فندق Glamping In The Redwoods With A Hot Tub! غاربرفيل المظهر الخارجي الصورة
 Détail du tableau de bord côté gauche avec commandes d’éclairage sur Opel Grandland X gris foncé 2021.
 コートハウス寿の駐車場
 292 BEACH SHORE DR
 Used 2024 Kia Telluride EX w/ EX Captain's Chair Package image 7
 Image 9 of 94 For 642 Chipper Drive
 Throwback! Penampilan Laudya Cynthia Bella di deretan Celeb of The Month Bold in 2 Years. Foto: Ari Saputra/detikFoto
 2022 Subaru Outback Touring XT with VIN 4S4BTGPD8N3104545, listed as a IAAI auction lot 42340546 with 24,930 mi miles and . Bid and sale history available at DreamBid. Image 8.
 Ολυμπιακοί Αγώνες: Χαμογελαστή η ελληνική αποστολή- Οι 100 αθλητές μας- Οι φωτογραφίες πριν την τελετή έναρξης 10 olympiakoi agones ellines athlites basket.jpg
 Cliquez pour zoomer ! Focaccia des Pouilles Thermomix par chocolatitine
######
• [Exercise] Every record, restated word for word, should make up your reply.

• [Result below]
فندق Glamping In The Redwoods With A Hot Tub! غاربرفيل المظهر الخارجي الصورة
 Détail du tableau de bord côté gauche avec commandes d’éclairage sur Opel Grandland X gris foncé 2021.
 コートハウス寿の駐車場
 292 BEACH SHORE DR
 Used 2024 Kia Telluride EX w/ EX Captain's Chair Package image 7
 Image 9 of 94 For 642 Chipper Drive
 Throwback! Penampilan Laudya Cynthia Bella di deretan Celeb of The Month Bold in 2 Years. Foto: Ari Saputra/detikFoto
 2022 Subaru Outback Touring XT with VIN 4S4BTGPD8N3104545, listed as a IAAI auction lot 42340546 with 24,930 mi miles and . Bid and sale history available at DreamBid. Image 8.
 Ολυμπιακοί Αγώνες: Χαμογελαστή η ελληνική αποστολή- Οι 100 αθλητές μας- Οι φωτογραφίες πριν την τελετή έναρξης 10 olympiakoi agones ellines athlites basket.jpg
 Cliquez pour zoomer ! Focaccia des Pouilles Thermomix par chocolatitine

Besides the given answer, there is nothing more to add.